Un texte de Karibangwe, publié sur le website Komornet, aujourd’hui disparu. Il porte sur l’album Zaïnaba/ Chants de femmes des Comores, sorti en 2005 chez Buda Musique à Paris. Un projet en hommage au patrimoine des Comores.
Il y a d’abord la voix. Une voix jusque-là plutôt desservie par quelques projets de variété sans trop d’envergure. Des projets qui ont néanmoins permis à Zaïnaba, femme au regard rayonnant et à la plume généreuse, d’imposer définitivement sa patte sur la scène de l’Archipel. Deux albums en auto-production, des featurings, notamment sur une production de l’allemand Werner Graebner, paru chez Dizim Records, un répertoire de chants de mariage et de louange sur commande ou payé à la petite semaine… la carrière de cette artiste, que l’on compare souvent avec Chamsia Sagaf parce que venant toutes deux du même village, Mitsamiouli, dans le nord de Ngazidja, a connu, à l’instar d’autres artistes comoriens, un destin plus que discret, dans la mesure où elle ne touchait que le public comoro-comorien jusqu’alors. Manque de moyens évident et incapacité (par ailleurs) à s’engouffrer sur la grande scène des musiques du monde. Une scène sur laquelle les quelques artistes du cru à se faire remarquer évoluent bien souvent à l’étranger, avec une carrière nationale très peu consacrée dans l’ensemble.
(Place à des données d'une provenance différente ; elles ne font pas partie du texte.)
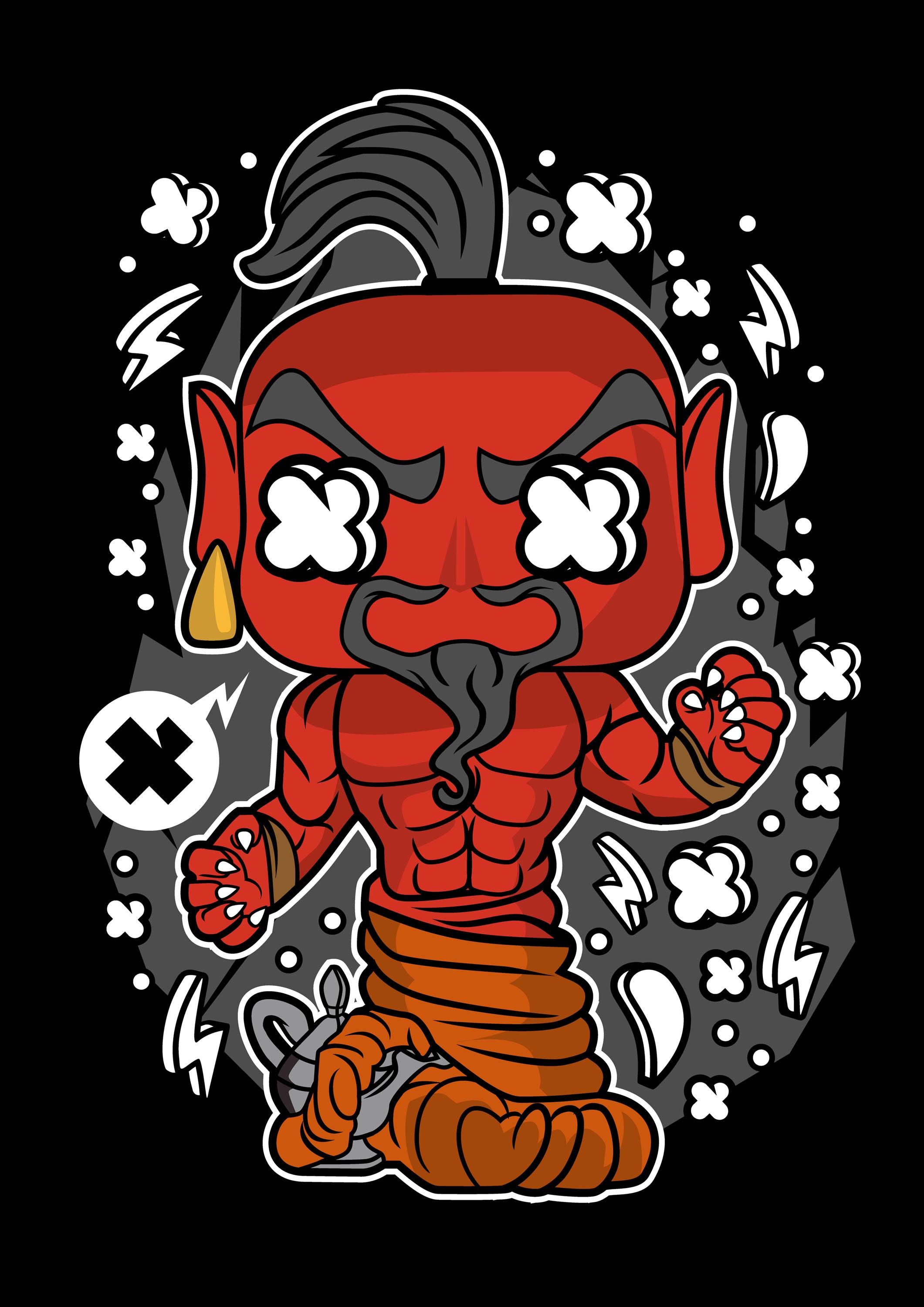 Funko Caricaturas 030 - cuadro decorativo en canvas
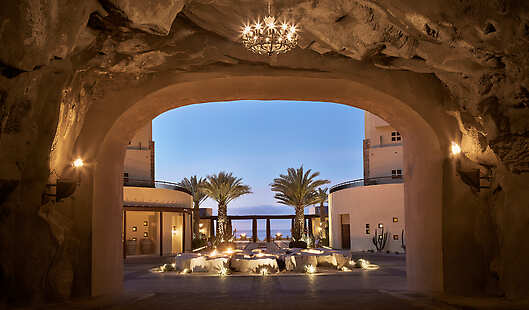Hotel Entrance Tunnel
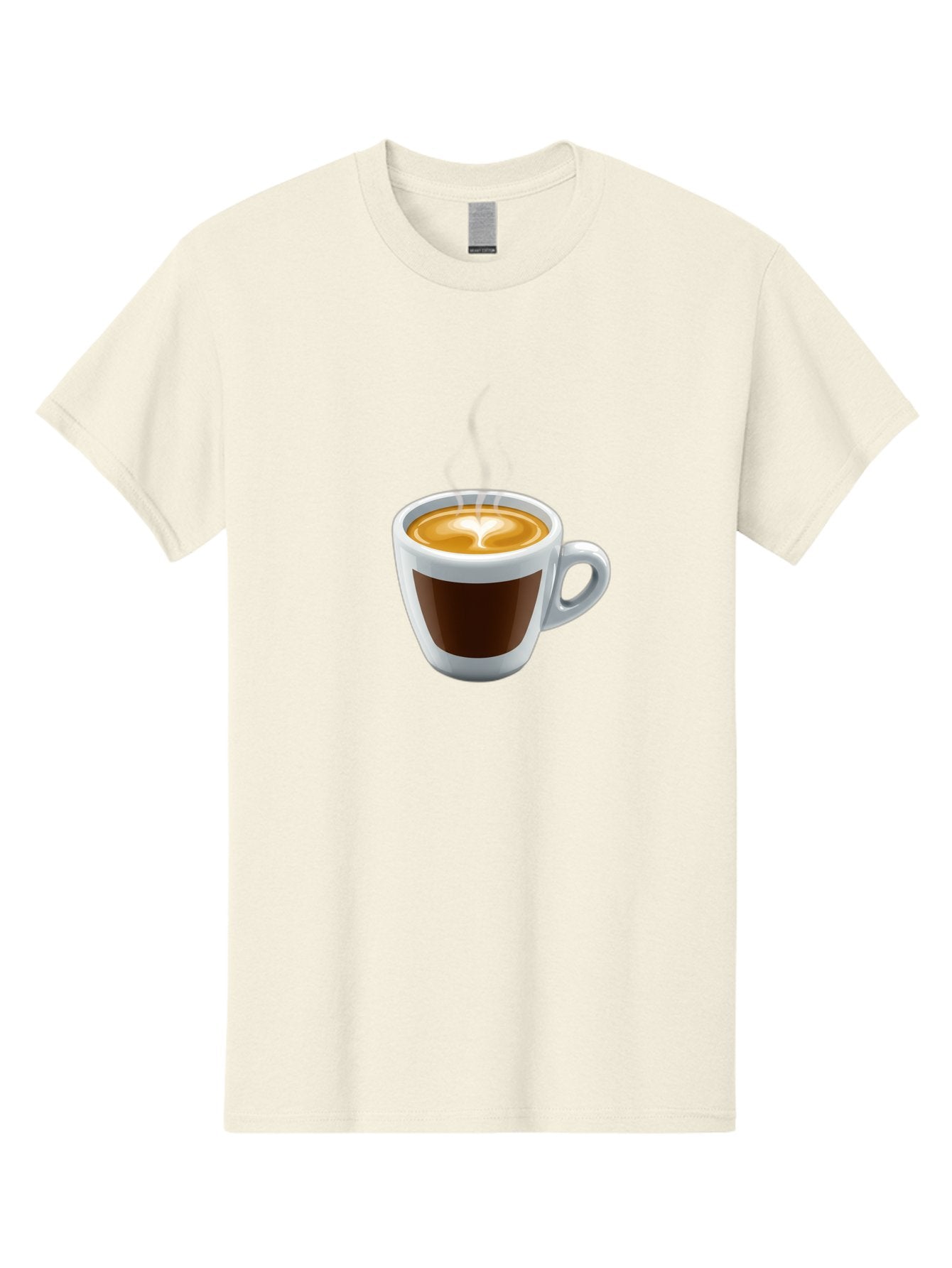 Cup-Of-Coffee-4 Men'S Graphic Tee, 100% Cotton, Comfortable Casual Summer Wear, Machine Washable, Coffee Cup, Espresso, Latte Art, Steaming Hot, Morning Coffee, Caffeine, Coffee Break Bab836
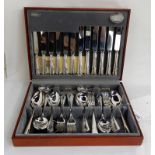 A modern silver plated cutlery set, setting for six, Cooper Cudlum, Sheffield Condition Report:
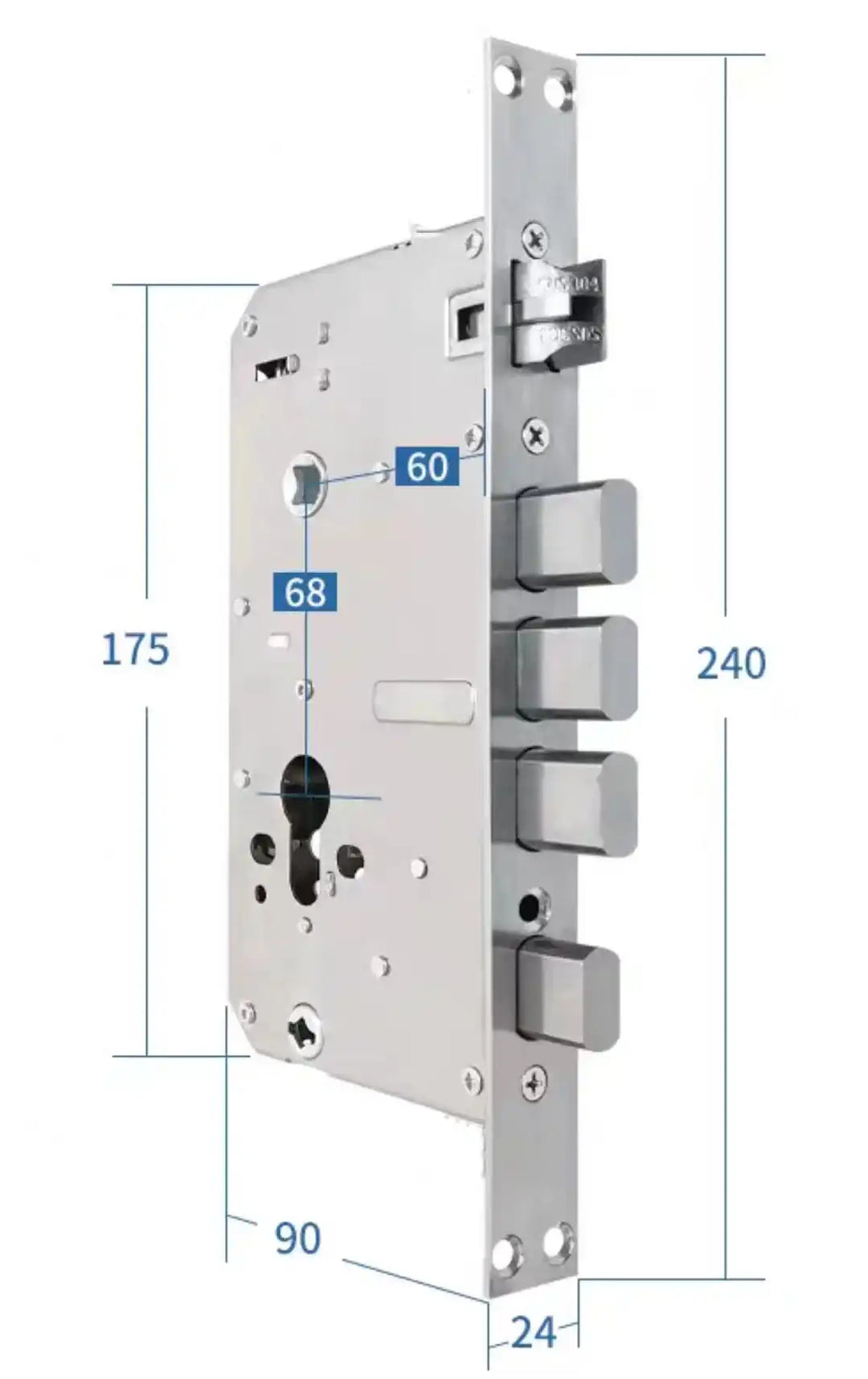3D Face Recognition Unlock Digital Door Lock With Camera FIngerprint Password Unlock Keyless Electronic Door Lock - Magic Electronics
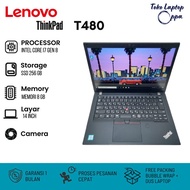 BARU Laptop lenovo thinkpad T480 ram 8gb ssd 256gb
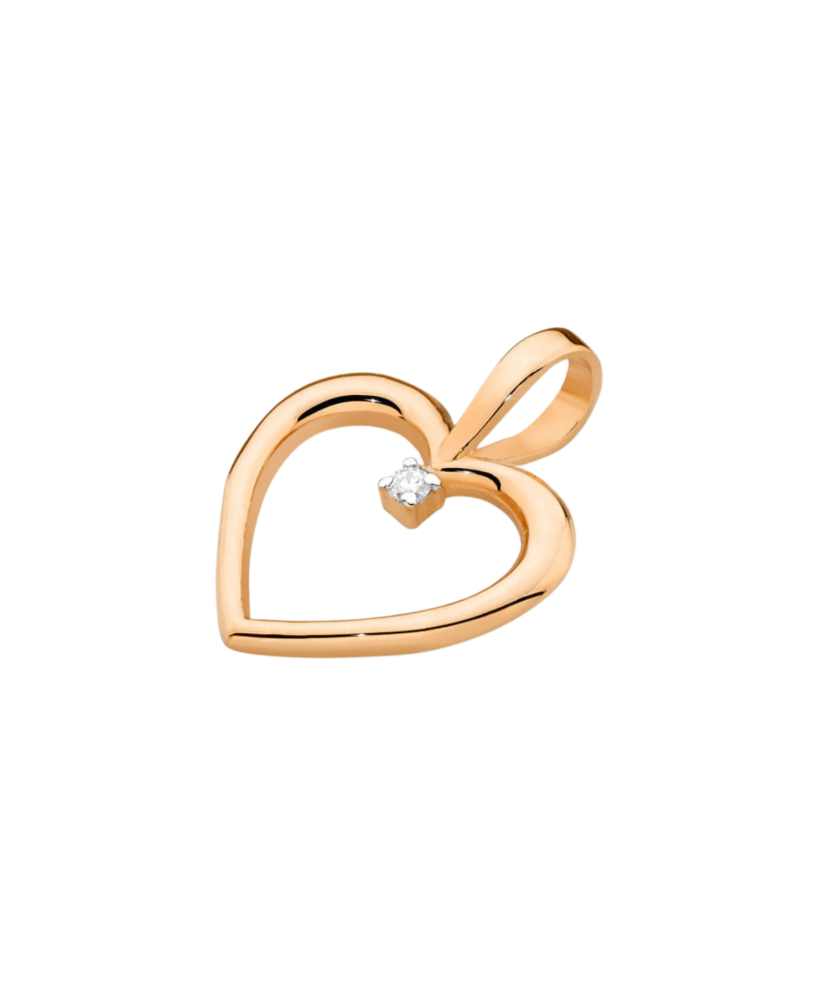 Zelta kulons ar briljantu "Sirds" - Goldinga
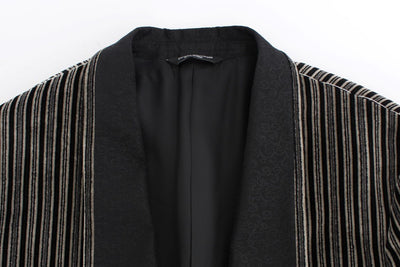 Gray striped SICILIA blazer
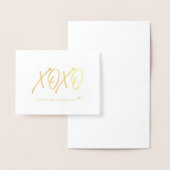 XOXO | Carte Gold Heart Valentine's Day (Affichage)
Avec cet album, qui porte son nom, l’artiste entame une seconde vie musicale. Au mieux, elle va séduire un nouveau public, plus large. Au pire, elle combattra sur deux fronts, avec des albums uniquement destinés à son public comorien et des albums plus ouverts à la scène internationale, un peu comme le faisait Papa Wemba à une époque. Car cet album a aussi un avantage non négligeable sur son avenir. Grâce à cette production, elle devient la première artiste 100% pays à signer avec une maison de disque à l’étranger. Un vrai pari pour une artiste qui ne naviguait pas jusque-là dans les mêmes eaux que les Nawal, Mikidache, Baco ou Djama.
Sur la scène de l’Alliance française pour le Komor4 Festival à Moroni.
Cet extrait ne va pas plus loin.